▶ [Exercise aim]: Any picture in the range stays out of the copy; retype exactly the lines from the one with "Halter High-Waisted Swimsuit Set" to the end of the listing.

▶ [Stored data]:
──────────

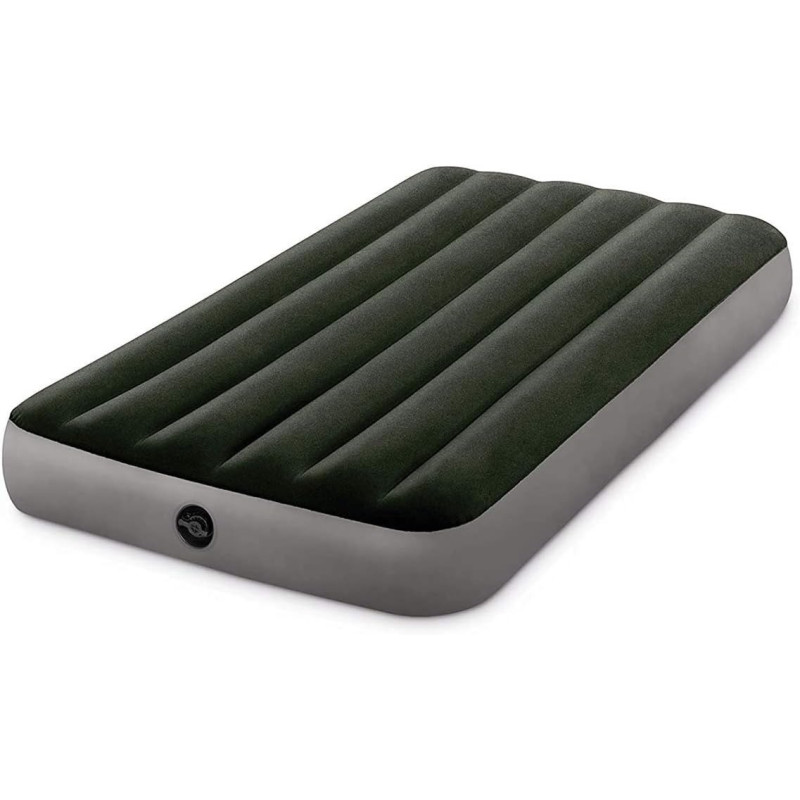 Intex Twin Dura Beam Prestige Fiber Tech Inflatable Mattress, Green
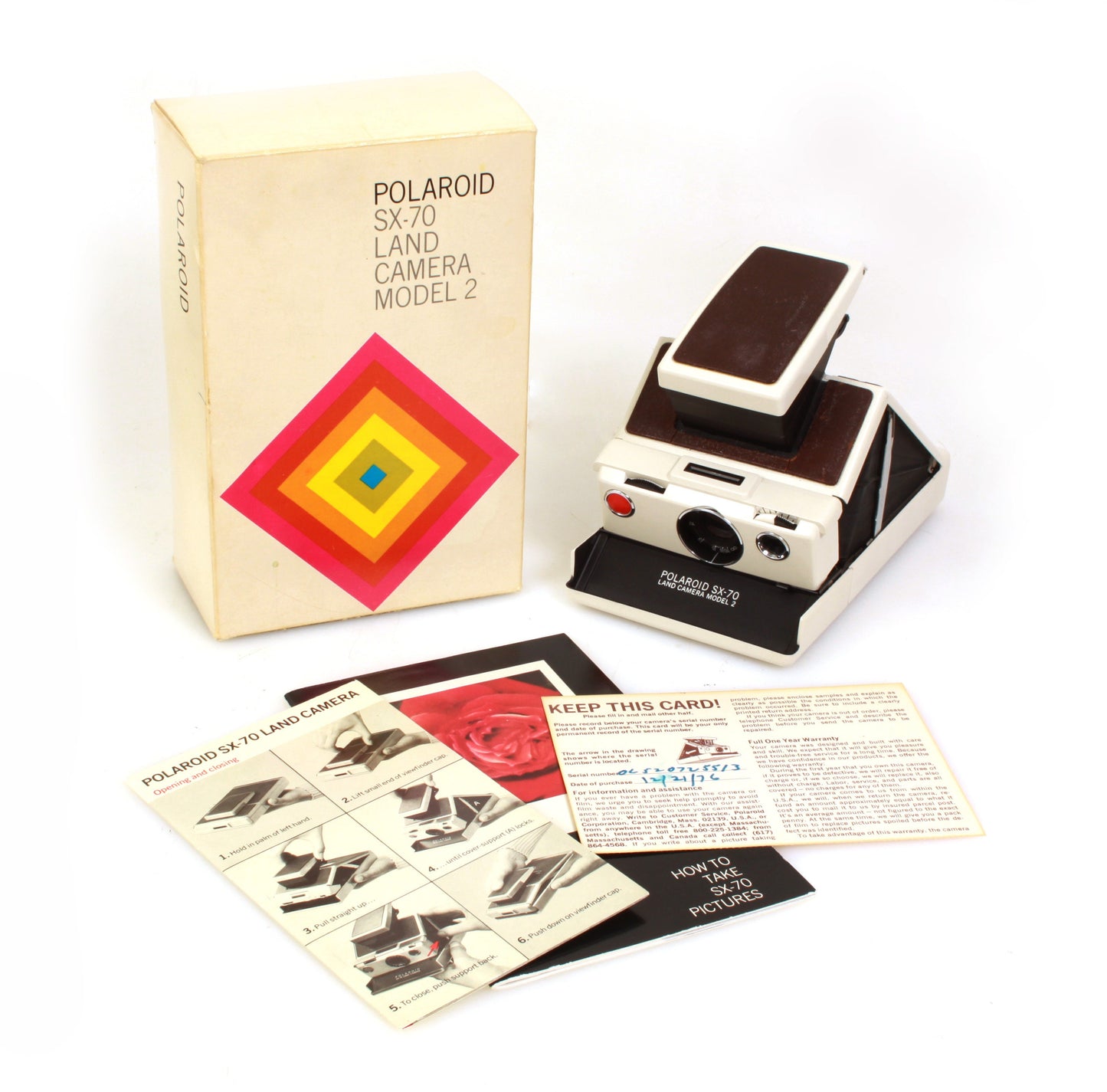 Original 1976 Polaroid SX-70 Land Camera Model 2, White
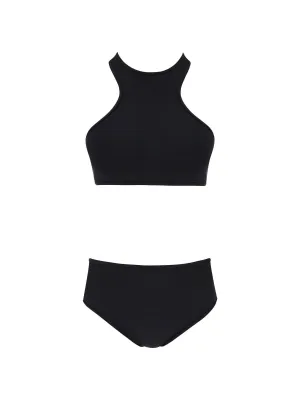 Halter High-Waisted Swimsuit Set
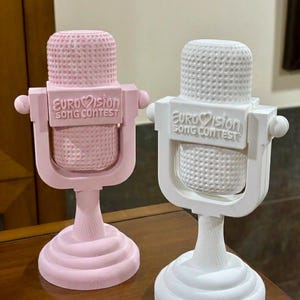Trofeo de micrófono de Eurovisión: decoración y regalo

──────────

▶ [Result below]:
 Halter High-Waisted Swimsuit Set
Trofeo de micrófono de Eurovisión: decoración y regalo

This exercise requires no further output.